## TASK ITEM
Line by line, repeat the material below exactly and skip the images.

--

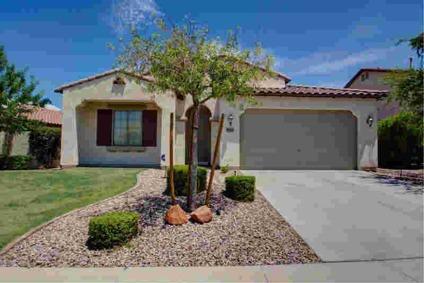 $239,000
Peoria, Beautiful home in great location. Walk into a large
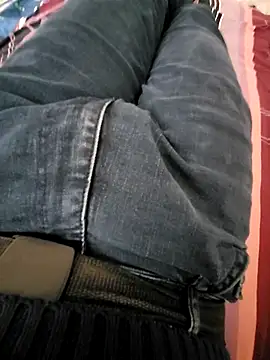 Snapshot of klsvn91 chatting on 12-18-25, 10:54 klsvn91 online show from 12-18-25, 10:54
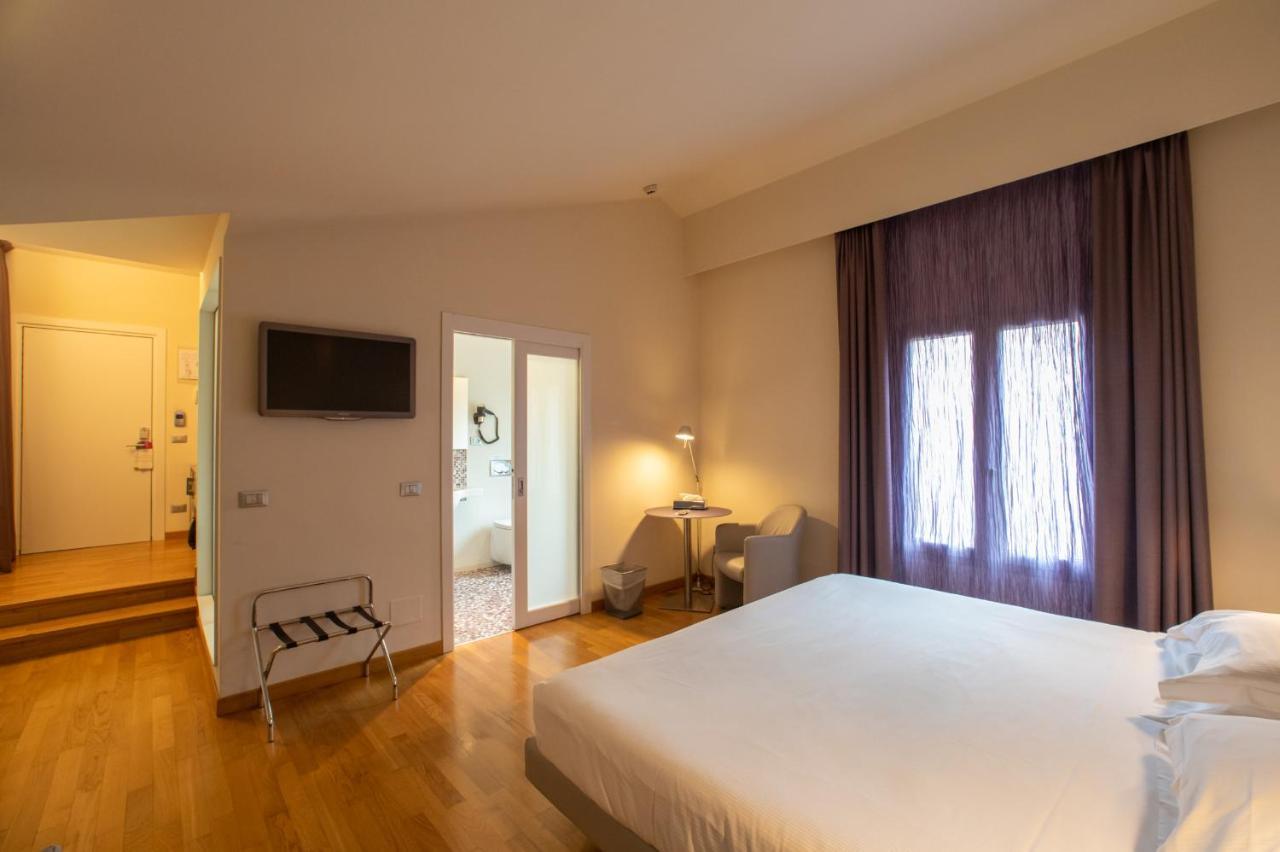 Hotel Annunziata Феррара Экстерьер фото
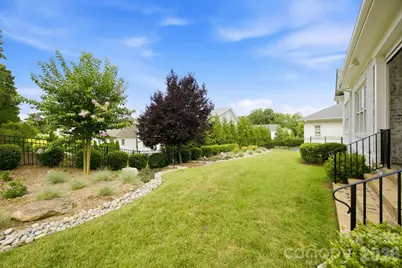 6834 Providence Lane W, Charlotte, NC 28226 - Photo 46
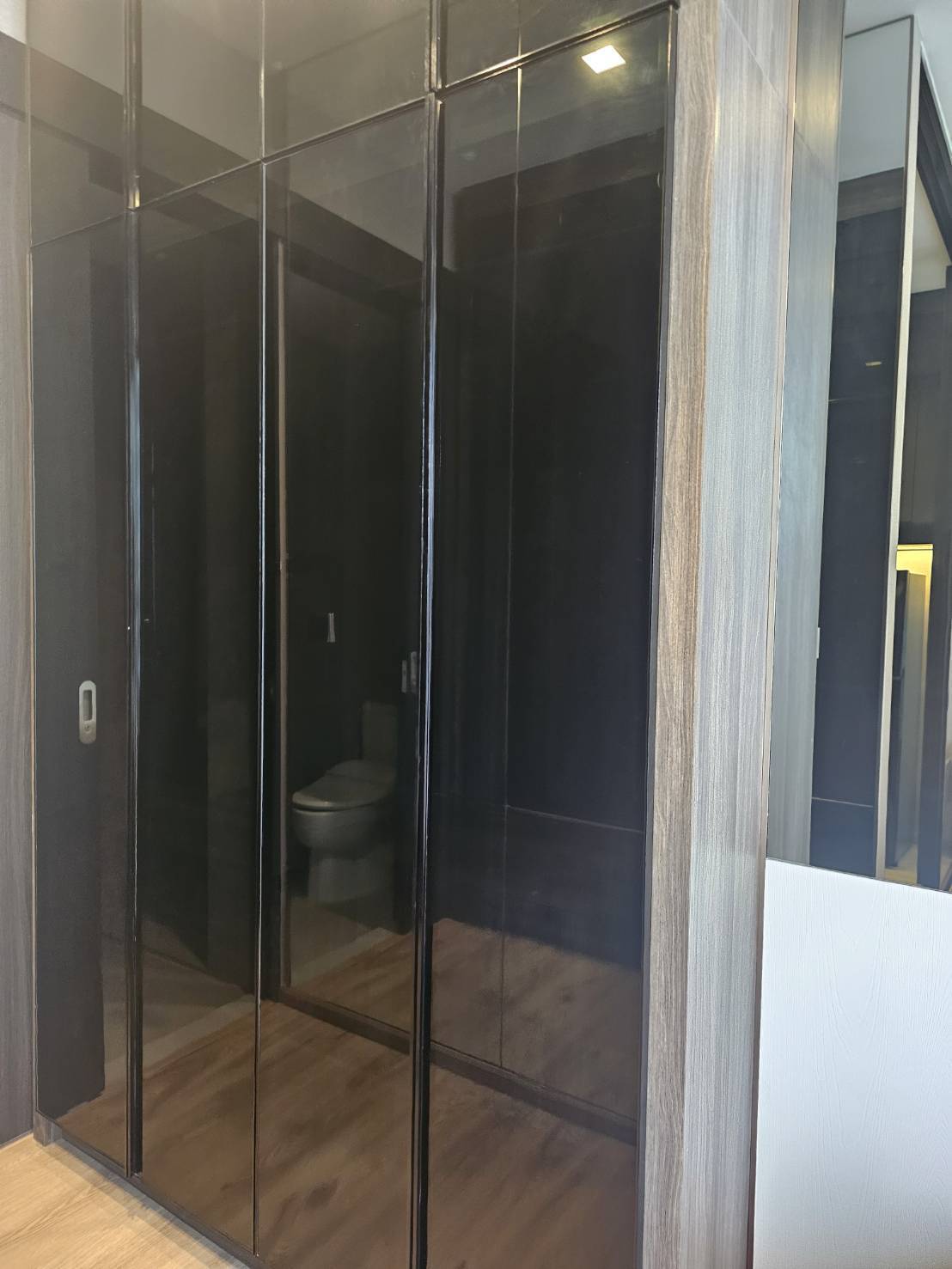 ให้เช่าคอนโด Life One Wireless (ไลฟ์ วัน ไวร์เลส) (เพลินจิต) ห้อง Studio 1 ห้องน้ำ ขนาด 24 ตรม. ห้อง 1135 ชั้น 35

--

## EXERCISE SOLUTION
 $239,000
Peoria, Beautiful home in great location. Walk into a large
 Snapshot of klsvn91 chatting on 12-18-25, 10:54 klsvn91 online show from 12-18-25, 10:54
 Hotel Annunziata Феррара Экстерьер фото
 6834 Providence Lane W, Charlotte, NC 28226 - Photo 46
 ให้เช่าคอนโด Life One Wireless (ไลฟ์ วัน ไวร์เลส) (เพลินจิต) ห้อง Studio 1 ห้องน้ำ ขนาด 24 ตรม. ห้อง 1135 ชั้น 35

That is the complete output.